*Task*: Your answer should hold the data exactly as given, minus any picture.

*Data extract*:

_____

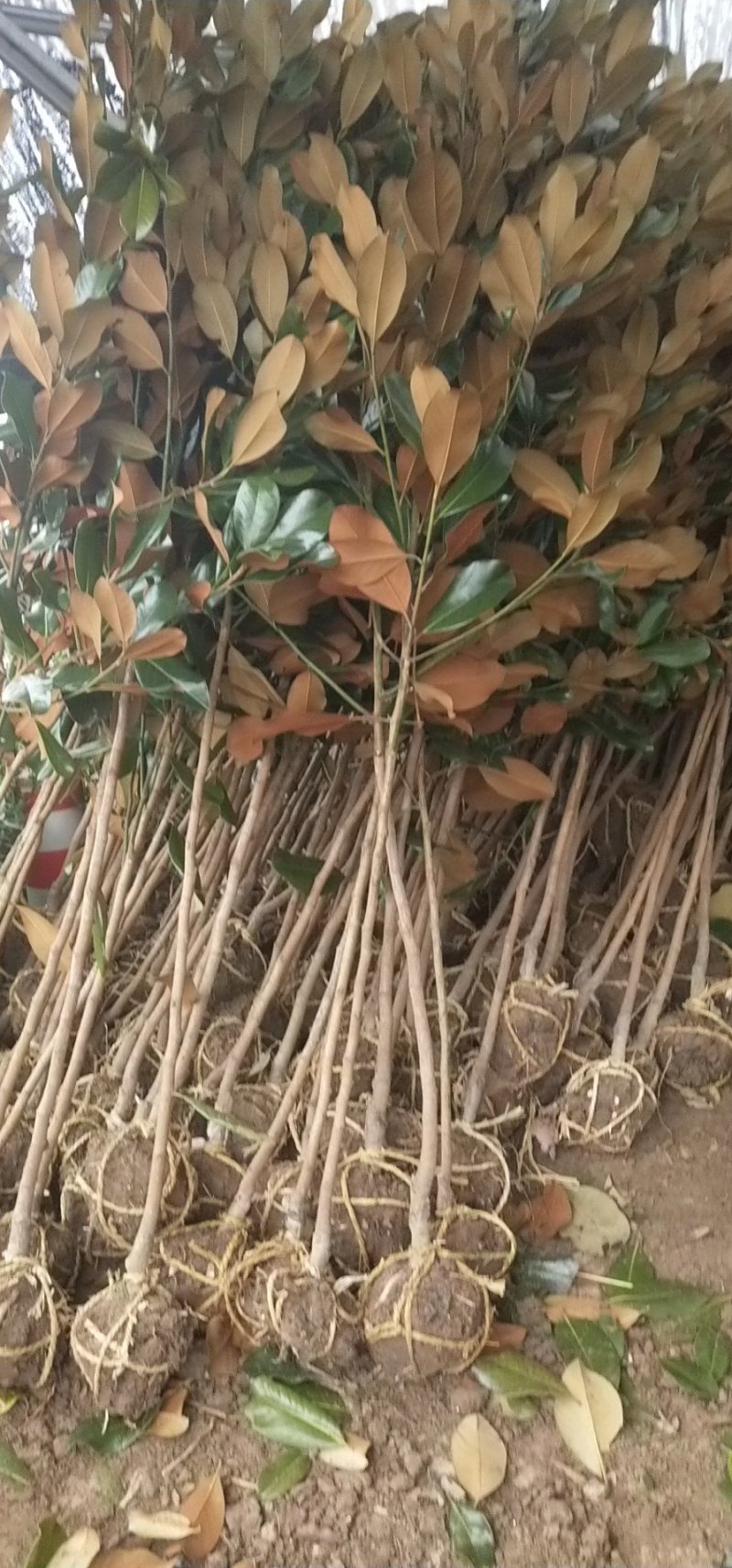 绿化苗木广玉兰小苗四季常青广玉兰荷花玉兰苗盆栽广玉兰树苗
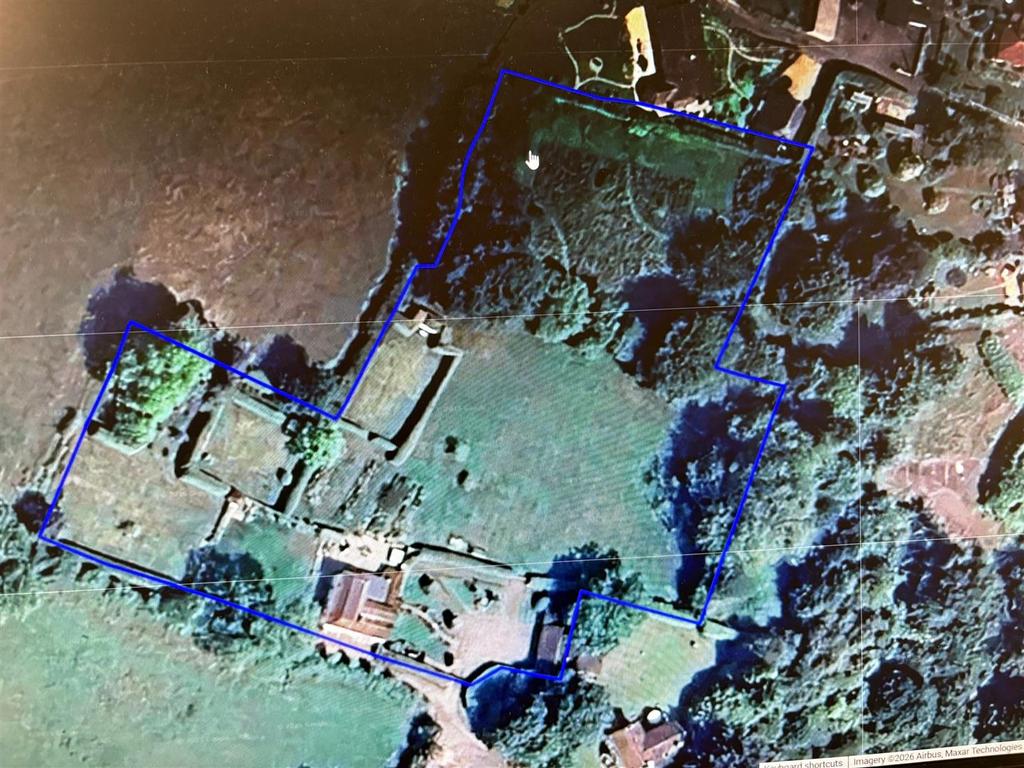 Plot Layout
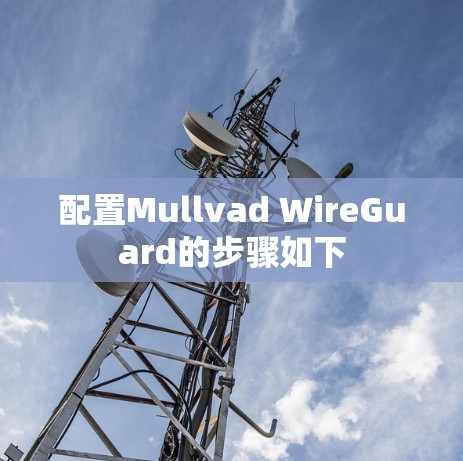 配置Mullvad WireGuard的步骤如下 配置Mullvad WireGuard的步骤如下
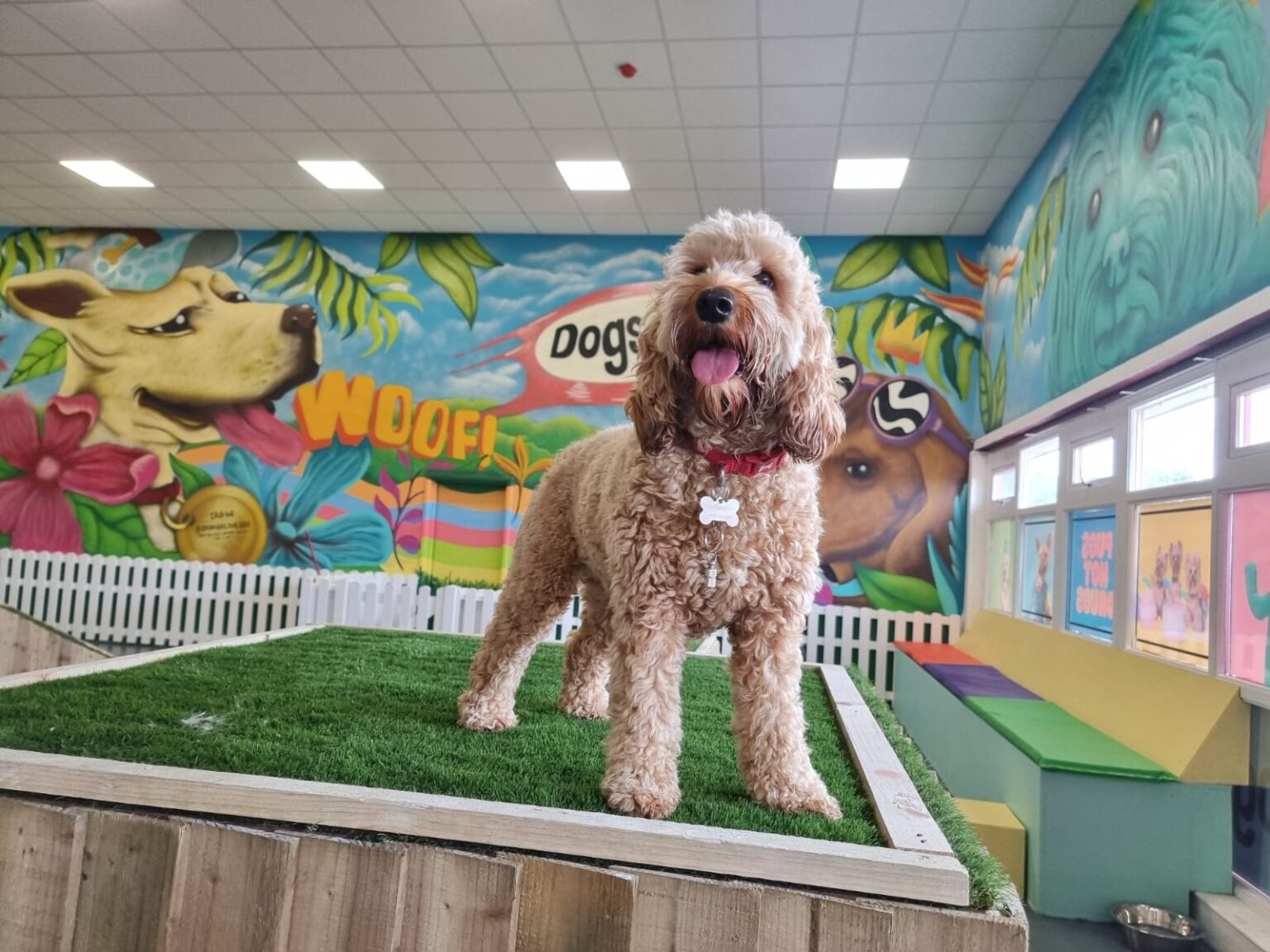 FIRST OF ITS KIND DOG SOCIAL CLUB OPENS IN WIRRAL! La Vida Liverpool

_____

*Answer to this task*:
 绿化苗木广玉兰小苗四季常青广玉兰荷花玉兰苗盆栽广玉兰树苗
 Plot Layout
 配置Mullvad WireGuard的步骤如下 配置Mullvad WireGuard的步骤如下
 FIRST OF ITS KIND DOG SOCIAL CLUB OPENS IN WIRRAL! La Vida Liverpool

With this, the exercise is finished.